(Short descriptive text snippets)
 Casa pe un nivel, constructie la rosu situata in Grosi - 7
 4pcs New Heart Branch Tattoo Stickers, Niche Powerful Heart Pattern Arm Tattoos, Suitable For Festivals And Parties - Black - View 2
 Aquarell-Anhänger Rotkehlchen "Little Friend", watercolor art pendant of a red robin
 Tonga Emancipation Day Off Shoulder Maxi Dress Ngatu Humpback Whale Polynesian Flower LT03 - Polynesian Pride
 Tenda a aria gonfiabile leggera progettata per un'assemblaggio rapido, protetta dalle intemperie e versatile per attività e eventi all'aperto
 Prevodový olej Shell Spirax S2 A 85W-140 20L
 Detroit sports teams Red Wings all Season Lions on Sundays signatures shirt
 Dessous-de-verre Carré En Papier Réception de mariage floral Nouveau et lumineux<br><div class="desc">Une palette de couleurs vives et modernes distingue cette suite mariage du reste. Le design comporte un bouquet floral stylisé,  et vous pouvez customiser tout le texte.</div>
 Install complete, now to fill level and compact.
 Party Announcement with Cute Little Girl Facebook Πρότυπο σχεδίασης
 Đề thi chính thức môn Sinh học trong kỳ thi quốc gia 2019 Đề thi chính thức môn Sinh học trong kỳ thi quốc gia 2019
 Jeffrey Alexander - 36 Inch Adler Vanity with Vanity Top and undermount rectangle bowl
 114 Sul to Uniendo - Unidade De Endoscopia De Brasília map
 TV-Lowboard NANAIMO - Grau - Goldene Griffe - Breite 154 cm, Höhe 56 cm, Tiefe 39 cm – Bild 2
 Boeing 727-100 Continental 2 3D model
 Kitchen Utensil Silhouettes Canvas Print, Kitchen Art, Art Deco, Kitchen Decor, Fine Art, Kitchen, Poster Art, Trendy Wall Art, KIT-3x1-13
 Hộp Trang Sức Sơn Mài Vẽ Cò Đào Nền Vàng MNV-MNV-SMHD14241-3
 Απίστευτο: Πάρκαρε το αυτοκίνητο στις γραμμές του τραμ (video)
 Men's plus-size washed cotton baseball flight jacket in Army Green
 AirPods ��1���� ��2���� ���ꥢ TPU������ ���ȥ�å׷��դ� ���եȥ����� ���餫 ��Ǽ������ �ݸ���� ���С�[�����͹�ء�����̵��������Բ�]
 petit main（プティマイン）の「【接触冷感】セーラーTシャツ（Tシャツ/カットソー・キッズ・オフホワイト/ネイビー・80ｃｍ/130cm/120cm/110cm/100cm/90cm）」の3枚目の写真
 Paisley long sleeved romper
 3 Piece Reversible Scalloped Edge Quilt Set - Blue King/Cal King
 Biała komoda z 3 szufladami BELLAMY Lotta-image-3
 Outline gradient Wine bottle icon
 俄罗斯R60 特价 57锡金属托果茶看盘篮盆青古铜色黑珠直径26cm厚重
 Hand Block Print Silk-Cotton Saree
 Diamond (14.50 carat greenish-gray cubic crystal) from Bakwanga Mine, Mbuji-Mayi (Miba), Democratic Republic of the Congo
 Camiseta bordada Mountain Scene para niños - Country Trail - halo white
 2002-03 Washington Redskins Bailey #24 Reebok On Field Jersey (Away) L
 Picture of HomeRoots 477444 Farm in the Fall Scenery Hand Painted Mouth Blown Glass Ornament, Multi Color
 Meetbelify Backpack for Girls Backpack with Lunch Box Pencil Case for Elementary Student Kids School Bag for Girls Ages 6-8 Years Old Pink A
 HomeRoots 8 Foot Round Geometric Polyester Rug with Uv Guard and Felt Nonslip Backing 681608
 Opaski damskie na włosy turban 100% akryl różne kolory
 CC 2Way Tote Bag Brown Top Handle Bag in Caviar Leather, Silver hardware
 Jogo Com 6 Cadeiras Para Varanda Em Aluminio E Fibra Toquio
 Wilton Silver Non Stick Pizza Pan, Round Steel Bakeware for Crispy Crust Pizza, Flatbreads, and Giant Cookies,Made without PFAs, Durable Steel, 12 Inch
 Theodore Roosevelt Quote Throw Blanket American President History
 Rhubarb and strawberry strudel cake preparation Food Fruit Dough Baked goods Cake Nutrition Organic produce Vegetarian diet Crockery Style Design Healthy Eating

== Assigned task ==
From the records above, copy each line in which the string "Silver" occurs.

== Reply to the exercise ==
 CC 2Way Tote Bag Brown Top Handle Bag in Caviar Leather, Silver hardware
 Wilton Silver Non Stick Pizza Pan, Round Steel Bakeware for Crispy Crust Pizza, Flatbreads, and Giant Cookies,Made without PFAs, Durable Steel, 12 Inch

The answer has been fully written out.